The appearance of Google Colab Pro+ has enabled us to run notebooks in the background, and using Colab as a computing resource has become more realistic. As a result of several trials and errors, I have established my own method of sending and executing code written in the local development environment. This post introduces the procedure and what I tried.
How to send code to Colab using Dropbox
After creating a folder for the project in the local development environment, create a share link from the Dropbox context menu.
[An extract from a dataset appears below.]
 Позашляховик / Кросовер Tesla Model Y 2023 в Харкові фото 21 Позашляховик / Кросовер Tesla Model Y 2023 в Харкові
If you add dl/ after /sh/ in the link, you will be able to download the contents of the folder in zip format.
I usually write ML code in the relation between dataset and project as 1 and N. I put the dataset outside the project and make a symbolic link to it. Therefore I separate the dataset and the project in Colab as well, and wget/unzip them separately. Since the dataset is not updated often and only needs to be downloaded once, I use -nc for wget and -n for unzip. Both options do not overwrite data if they exist.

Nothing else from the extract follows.